The relationship between urban and rural areas can be seen as the relationship between the central and peripheral areas, where cities and rural areas complement each other and promote the development of urban and rural economies. There are also relevant reports on research on urban and rural areas. Iderawumi Abdulraheem Mukhtar conducted a questionnaire survey to investigate the impact of migration from rural to urban areas on education and economic development, focusing on the reasons for urban–rural migration and its impact on students. The survey results indicate that urban–rural migration has different impacts on local government education and development, leading to labor shortages, lack of qualified talent, and low productivity, which is not conducive to urban–rural development [6]. Mui aimed to explore a more comprehensive and comprehensive health approach to strengthen the food system in urban and rural jurisdictions. The survey results show that the comprehensive plan is most likely to solve the food system problems in urban and rural jurisdiction areas [7]. Sukhwani proposed a knowledge-based conceptual framework for addressing the issue of urban–rural resource supply in the Nagpur metropolitan area of India. This framework showcases the overall flow of water resources between urban and rural areas, especially from the perspective of the water–energy–energy–food relationship. Based on the developed framework, he proposed the future direction of promoting the connectivity of Nagpur’s intelligent urban–rural development cluster [8]. Overall, there is not much research on urban and rural areas. To improve the relevant research on URP and construction, it is necessary to evaluate and analyze LCE URP and construction based on energy planning mechanisms.

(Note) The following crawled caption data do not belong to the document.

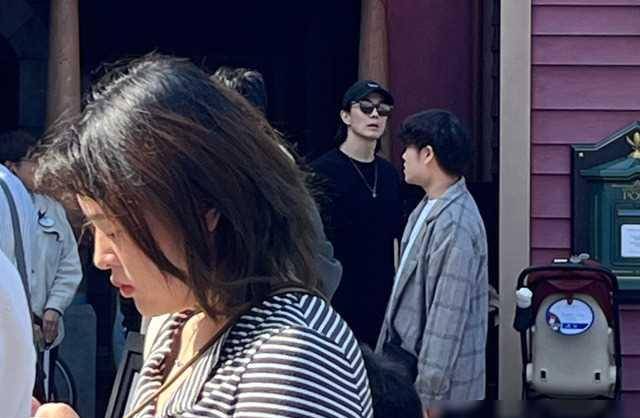 戚薇李承铉一家香港游玩,1岁半儿子首露面,lucky身高猛长_迪士尼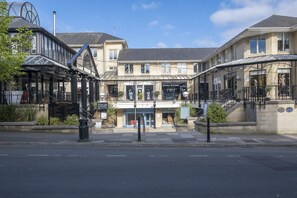 Un bâtiment dont le rez-de-chaussée abrite un restaurant appelé « Kitchens by Lorna » et une enseigne indiquant « The Courtyard ».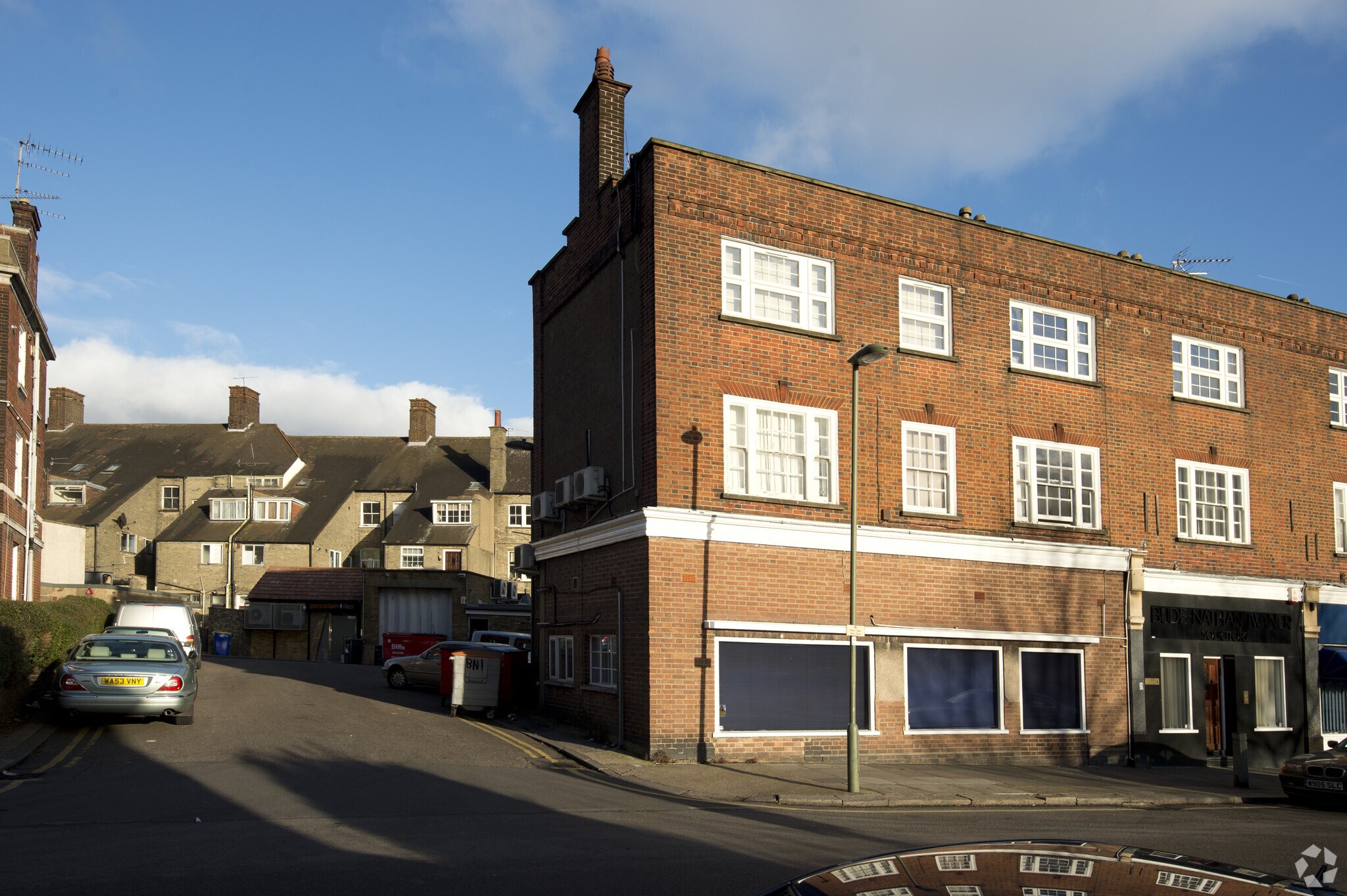 1 Finchley Rd, London for sale Primary Photo- Image 1 of 1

Based on the energy planning mechanism, this article analyzes the energy planning issues in urban and rural areas. By analyzing the requirements for URP and construction, it points out some shortcomings in URP and construction and provides corresponding solutions. To optimize and improve URP and construction, this article also integrates the concept of LCE, scientifically manages URP and construction from multiple aspects, and constructs a LCE URP and construction evaluation system. It aims to use this evaluation system to effectively evaluate urban and rural carbon emissions issues, providing strong data support for optimizing urban and rural energy planning.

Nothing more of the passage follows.